DATA SEGMENT:
——————
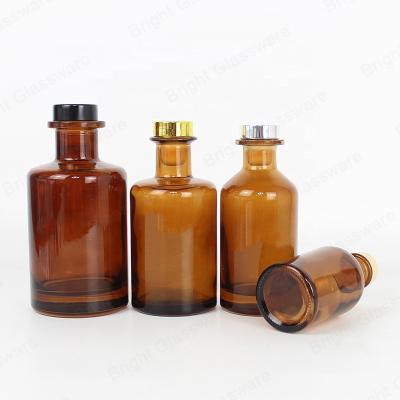 China Home Decoration Luxury Amber Glass Diffuser Bottle Round Shaped Glossy Amber Glass Reed Diffuser Glass Bottle for sale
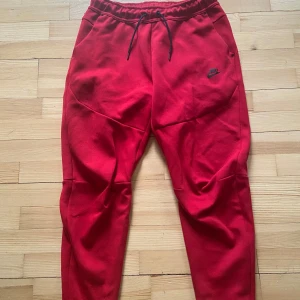Äkta Nike Tech byxor (röda) - Röda äkta Nike Tech Fleece byxor från Nike med svart logga på låret och snörning i midjan. Byxorna har en tapered passform, elastisk midja och dragkedja på ena bakfickan. Perfekta för chill eller träning, tillverkade i mjuk bomullsmix. Säljer då dom aldrig kommer till användning! Endast använd 3 gånger! Kan användas av dam och herr! Ända skavankerna ser ni på 3e och 4e bilden! Köpt för 1149kr som ni ser på sista bilden! Säljer för 950! Vid snabb affär kan priset diskuteras så lägg bud!❣️❣️❣️
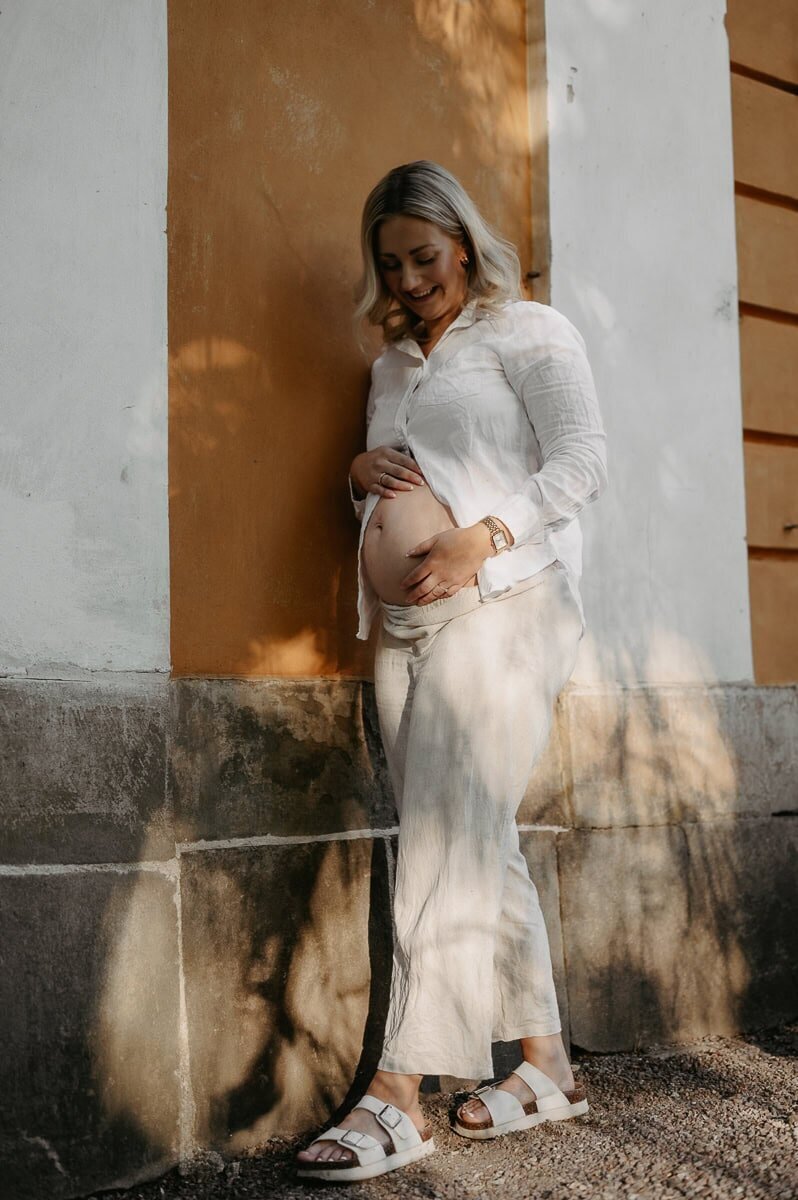 Gravid kvinna står framför orange fin vägg, håller om sin gravida mage.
——————
TASK DESCRIPTION:
Return the listing above in full and without alteration, excluding its pictures.

TASK OUTPUT:
 China Home Decoration Luxury Amber Glass Diffuser Bottle Round Shaped Glossy Amber Glass Reed Diffuser Glass Bottle for sale
Äkta Nike Tech byxor (röda) - Röda äkta Nike Tech Fleece byxor från Nike med svart logga på låret och snörning i midjan. Byxorna har en tapered passform, elastisk midja och dragkedja på ena bakfickan. Perfekta för chill eller träning, tillverkade i mjuk bomullsmix. Säljer då dom aldrig kommer till användning! Endast använd 3 gånger! Kan användas av dam och herr! Ända skavankerna ser ni på 3e och 4e bilden! Köpt för 1149kr som ni ser på sista bilden! Säljer för 950! Vid snabb affär kan priset diskuteras så lägg bud!❣️❣️❣️
 Gravid kvinna står framför orange fin vägg, håller om sin gravida mage.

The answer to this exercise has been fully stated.